*Input data*
◆ ◆ ◆ ◆ ◆ ◆ ◆
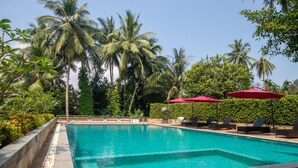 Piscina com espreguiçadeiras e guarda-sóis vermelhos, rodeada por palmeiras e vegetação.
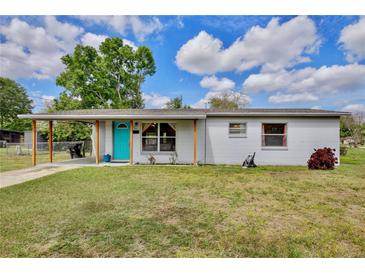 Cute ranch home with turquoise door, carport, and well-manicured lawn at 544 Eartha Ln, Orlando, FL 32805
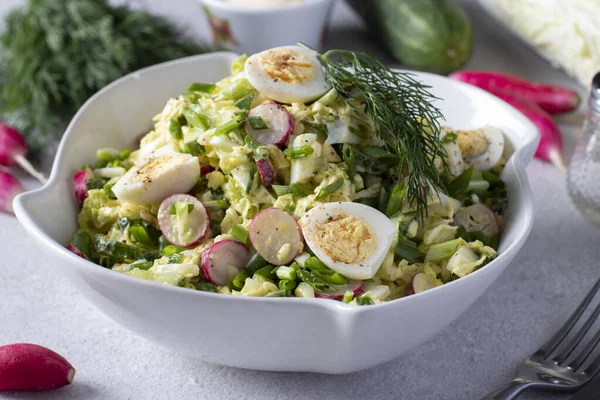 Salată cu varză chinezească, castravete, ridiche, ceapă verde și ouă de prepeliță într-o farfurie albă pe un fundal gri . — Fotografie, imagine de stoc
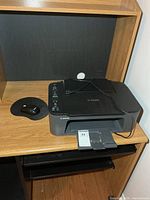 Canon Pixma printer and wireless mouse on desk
◆ ◆ ◆ ◆ ◆ ◆ ◆
*Task goal*
The expected output is the full data above, reproduced exactly with no images.

*Solution for this problem*
 Piscina com espreguiçadeiras e guarda-sóis vermelhos, rodeada por palmeiras e vegetação.
 Cute ranch home with turquoise door, carport, and well-manicured lawn at 544 Eartha Ln, Orlando, FL 32805
 Salată cu varză chinezească, castravete, ridiche, ceapă verde și ouă de prepeliță într-o farfurie albă pe un fundal gri . — Fotografie, imagine de stoc
 Canon Pixma printer and wireless mouse on desk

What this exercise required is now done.